Human of #univie Sebastian: Solving chemical riddles

“The question ‘What exactly is chemistry?’ has been on my mind since the first day of my studies, but if someone asks me about it, I still have to ponder it for a moment. Without a doubt, you could spend hours trying to answer this question, because chemistry is very diverse in all its disciplines, ranging from the basics to analytics, synthesis and biochemistry. In a nutshell: Chemistry is the study of the elements. How do they behave? What can they do? And almost more importantly: How do I get them to do what I want them to do?

I am doing research in the organic synthesis group. The aim is to discover new ways of synthesising organic molecules. These molecules are mainly based on carbon, but, of course, there are exceptions: Oxygen, nitrogen, sulphur, halogens and hydrogen are other common elements that play an important role in this discipline.

My enthusiasm for this field of chemistry stems from the way you approach problems. Finding the target molecule you want to produce and the way to get there is like solving a riddle: Which chemicals do you have to add to achieve the desired transformation?

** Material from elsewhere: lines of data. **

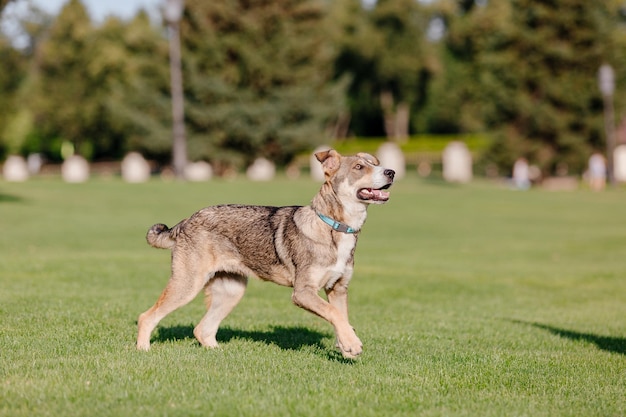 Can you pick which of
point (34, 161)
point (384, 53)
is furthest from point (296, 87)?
point (34, 161)

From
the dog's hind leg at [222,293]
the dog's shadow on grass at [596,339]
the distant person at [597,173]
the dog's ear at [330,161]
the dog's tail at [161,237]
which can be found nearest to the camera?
the dog's ear at [330,161]

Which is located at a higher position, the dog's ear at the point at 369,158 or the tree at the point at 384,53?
the tree at the point at 384,53

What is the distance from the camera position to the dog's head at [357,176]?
322 inches

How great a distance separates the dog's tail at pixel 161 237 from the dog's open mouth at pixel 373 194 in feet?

How can you additionally achieve a high reaction yield? And how can you make the synthesis work as resource-efficiently as possible without producing unwanted by-products?

We have to consider these and various other questions for every single synthesis, which in turn creates even more riddles that we try to solve as elegantly as possible. The riddle I am currently working on in my master’s thesis focuses on amide bonds. A molecule is called an amide if it contains exactly that structural element in which a carbon atom forms a double bond with an oxygen atom and a single bond with a nitrogen atom. I add a very strong electrophile to my amides. The electrophile interacts with the amides and turns them into reactive compounds. Ultimately, I cause the resulting intermediate to react with other chemicals. I am researching reactions that are still largely unknown and I am testing them on different starting substances. It remains exciting to see where the path takes us.” – Sebastian Heindl

Sebastian is studying Chemistry at the University of Vienna.